GIVEN ENTRIES.
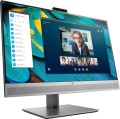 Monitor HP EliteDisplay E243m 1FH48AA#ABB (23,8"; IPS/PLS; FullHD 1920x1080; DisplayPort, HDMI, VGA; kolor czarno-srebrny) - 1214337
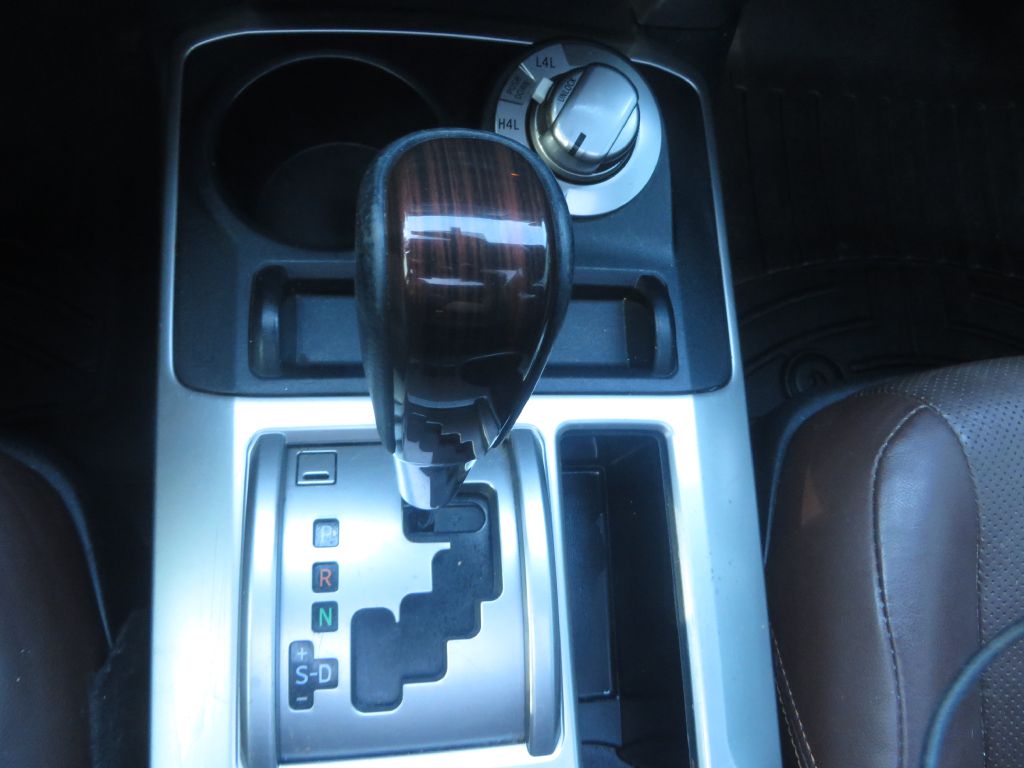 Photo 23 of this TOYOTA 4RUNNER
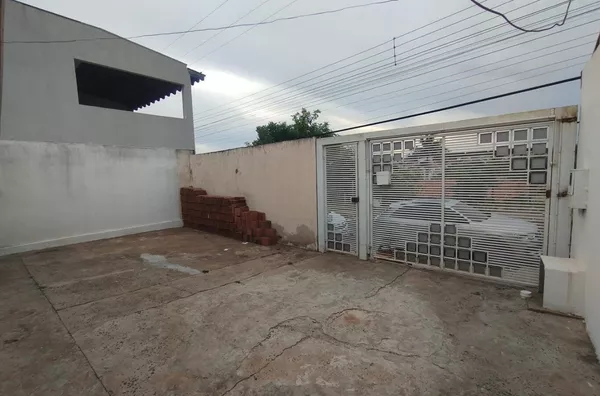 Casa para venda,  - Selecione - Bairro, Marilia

...

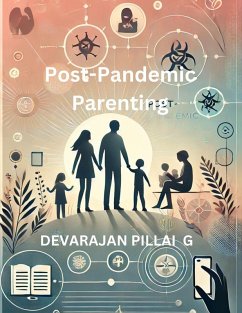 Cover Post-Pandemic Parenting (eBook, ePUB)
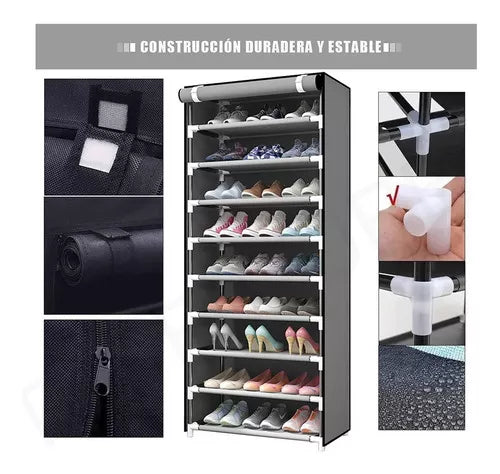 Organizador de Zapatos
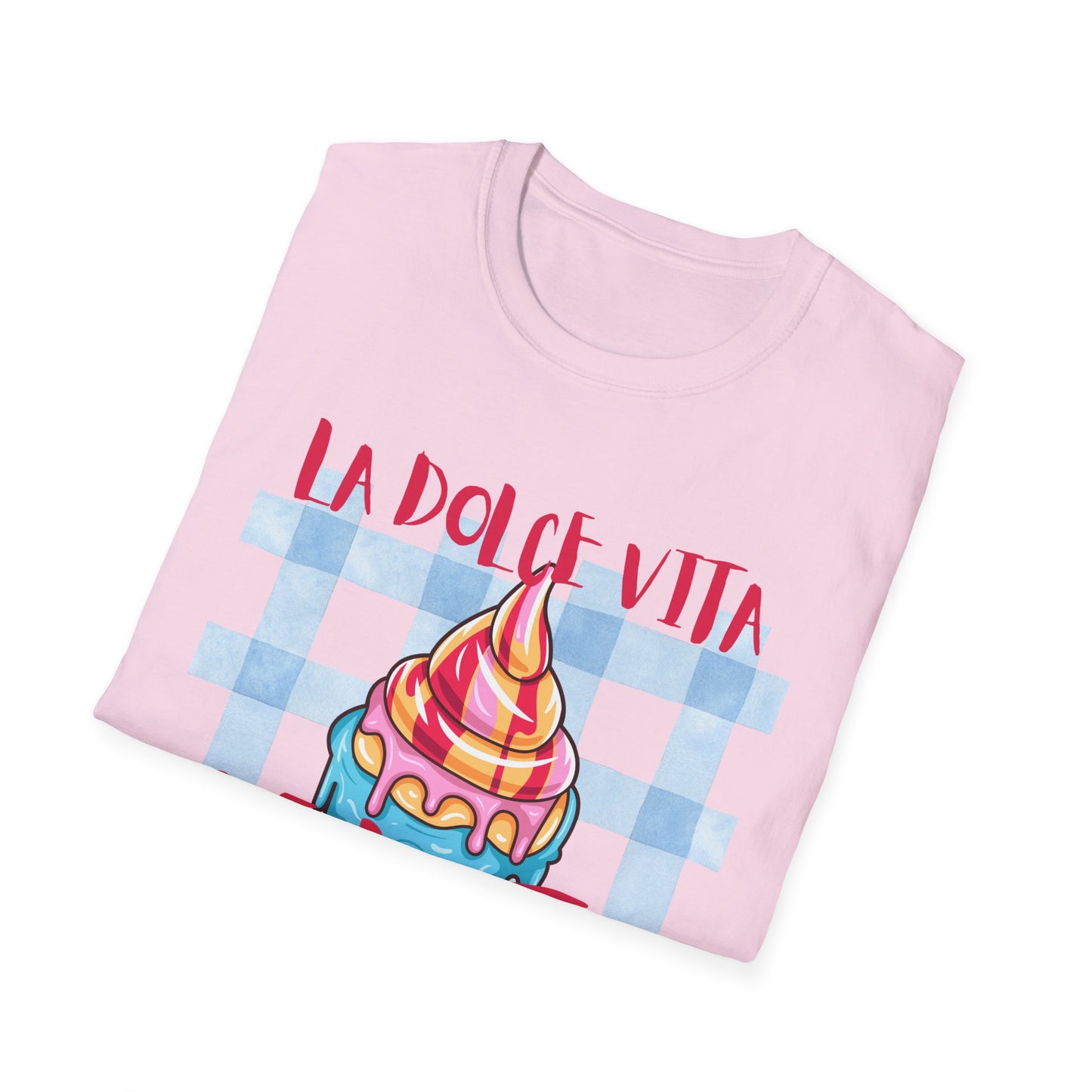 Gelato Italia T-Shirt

---

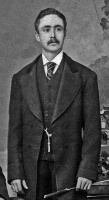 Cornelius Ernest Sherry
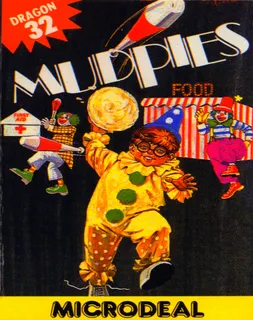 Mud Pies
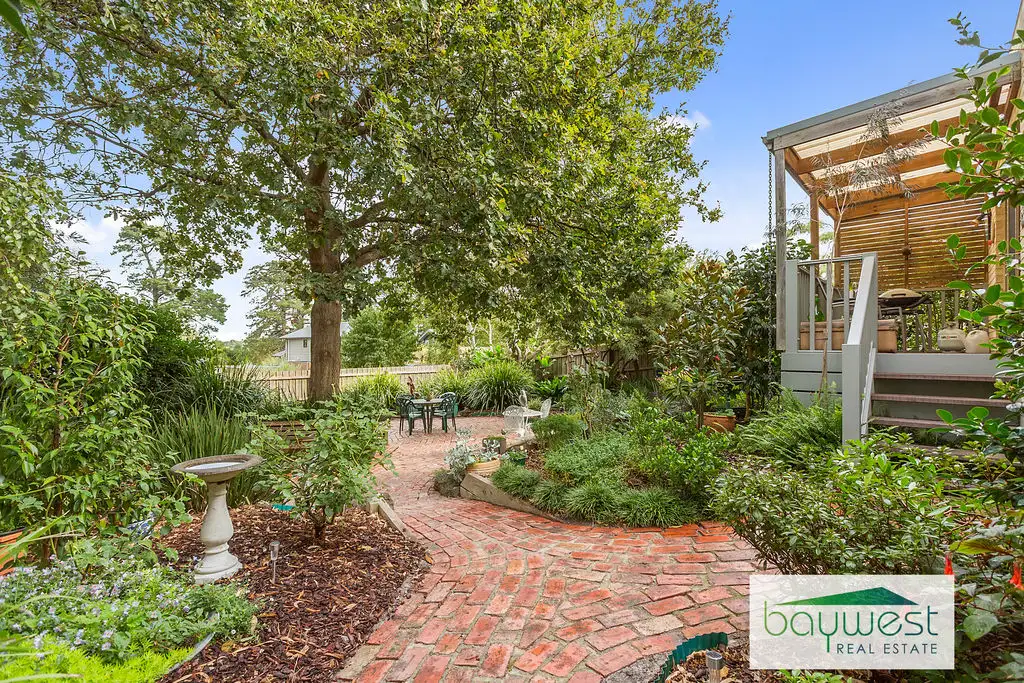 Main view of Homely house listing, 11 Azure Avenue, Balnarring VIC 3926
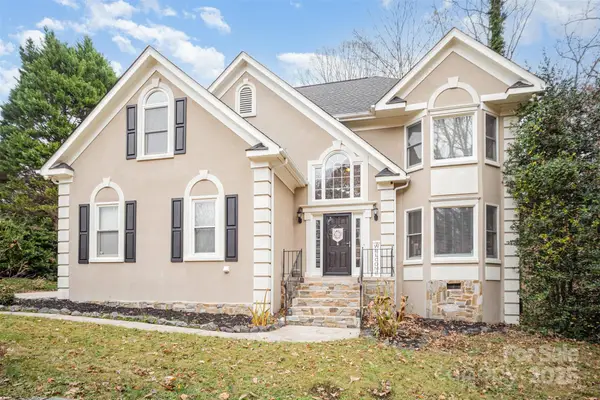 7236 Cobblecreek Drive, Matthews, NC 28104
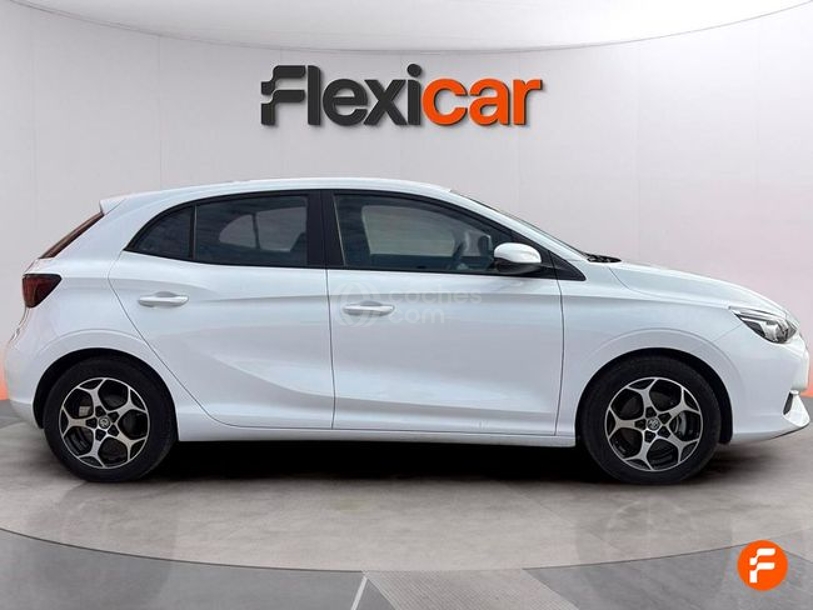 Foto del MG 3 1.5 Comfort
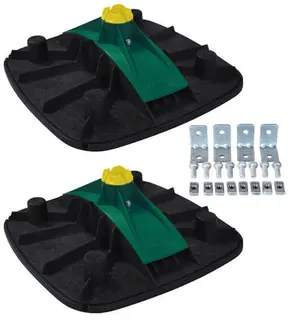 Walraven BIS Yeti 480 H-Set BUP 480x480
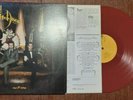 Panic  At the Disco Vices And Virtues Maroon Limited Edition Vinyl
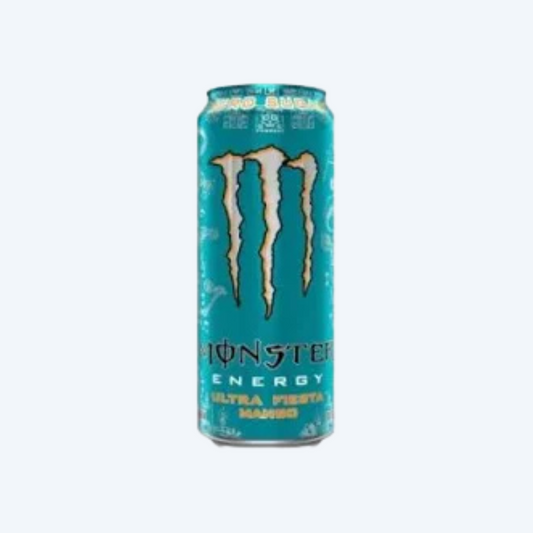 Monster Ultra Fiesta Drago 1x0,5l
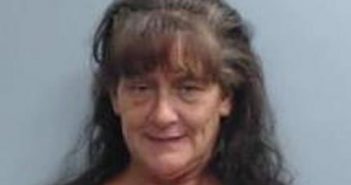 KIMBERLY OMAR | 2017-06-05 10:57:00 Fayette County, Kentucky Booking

WORK INSTRUCTION. Everything between and including the line above containing "Photo 23 of this TOYOTA 4RUNNER" and the line containing "- Bairro, Marilia" should be reproduced exactly, with pictures excluded.

EXERCISE OUTPUT.
 Photo 23 of this TOYOTA 4RUNNER
 Casa para venda,  - Selecione - Bairro, Marilia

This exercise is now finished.